Il n’y a pas lieu non plus d’être jovialiste lorsqu’on ajoute à ce tableau la tendance à l’anglicisation des élites universitaires des pays où les francophones sont majoritaires comme en France, au Québec et dans une moindre mesure en Belgique. Tous ces indicateurs nous amènent à penser que la francophonie est mal partie et qu’elle devrait recentrer ses priorités sur la promotion du français comme langue d’usage. Quelle pourra bien être la raison d’être de la francophonie lorsque le français sera confiné au territoire de la culture et sera délaissé lorsqu’il s’agira de produire et de prospérer ?

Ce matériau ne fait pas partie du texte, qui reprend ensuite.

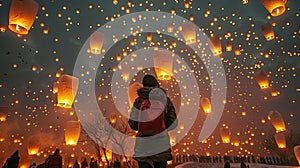 Lantern Festival in China sky. Selective focus.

Même s’il est toujours difficile de modifier la trajectoire d’une institution, il y aurait une façon et de corriger cette dérive expansionniste et de renforcer la cohérence de la francophonie en modifiant les statuts afin de créer deux catégories de membres : les membres de plein droit et les membres associés. Seuls seraient admis dans la première catégorie les États qui ont le français comme langue officielle, ou co-officielle ainsi que ceux qui accordent au français le statut de langue étrangère privilégiée ce qui impliquerait que le français y est enseigné comme langue seconde dans les établissements publics primaires et secondaires. Ainsi le français pourrait être plus au coeur des préoccupations et des misions de la francophonie. q
[1] OIF, La francophonie dans le monde 2006-2007, Paris, Nathan, 2007, p. 15.

[2] Pour ne pas affaiblir indûment cette proportion nous avons exclu les pays observateurs.

[3] Ces données ont été compilés à partir des statistiques fournies par l’UNESCO et celles que l’ont trouve dans La francophonie dans le monde : 2006-2007, chap. 3.